病理学とは何であるかという設問は,現在特に重要であり,また論議も多いが,これは本稿の目的ではないので,一応,早期胃癌の診断のための病理形態学に限っておき,病因論というような広い領域を含まないことにする.しかし,後で述べるように,診断のための道具にとどまらず必然的に胃癌の形態発生(Histogenese)の問題にまで発展するのはやむを得まい.
ここで悪性腫瘍についての用語とその慣用について述べておく.胃癌のごとき上皮性悪性腫瘍については,癌あるいは癌腫,carcinoma,Karzinomの語が用いられるが,悪性腫瘍全体のうち上皮性のものが多いので,やや通俗的で同じ意味を有する,がん,cancer,Krebsの語が,悪性腫瘍を総称的に示すようになり,日米独の国立の研究所の正式の呼称としても用いられている.早期胃癌と漢字で表記すれば問題はないのであるが,欧文ではしばしばearly gastric cancerとかFrühkrebs des Magensと記されていることがある.病理学的には,early gastric carcinoma,Frühkarzinomdes Magensが厳密な表現である.しかし,特に米国では字数の少ないほうがよいという理由からか,cancerが癌腫の意にも用いられ,また,EGCという略語もできている.わが国でも,そのように書く人もいる.

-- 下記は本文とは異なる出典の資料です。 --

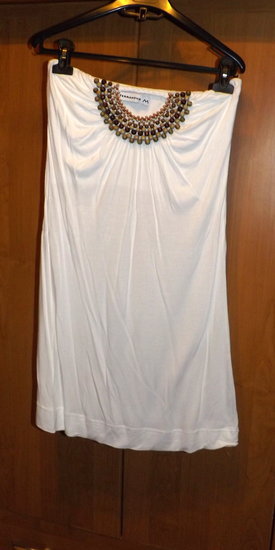 Balta, vasarinė suknelė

現在,悪性腫瘍細胞を見出すことが悪性腫瘍の決定的診断となる.細胞の形態のみを観察して悪性腫瘍を診断する細胞診というシステムは三十数年前より,子宮癌の診断に始まり,他臓器の癌にも適用され,剥離細胞診から擦過あるいは吸引細胞診のごとく局在している病変を対象とするまでに至った.早期胃癌の診断には擦過細胞診の段階まで用いられ,その後,胃生検の技術の発達と共に生検切片の組織学的観察では,胃癌組織の細胞のみならず,構造も知ることができるようになったために,現在では一般的に用いられなくなり,それゆえ,ここでは細胞診については記さない.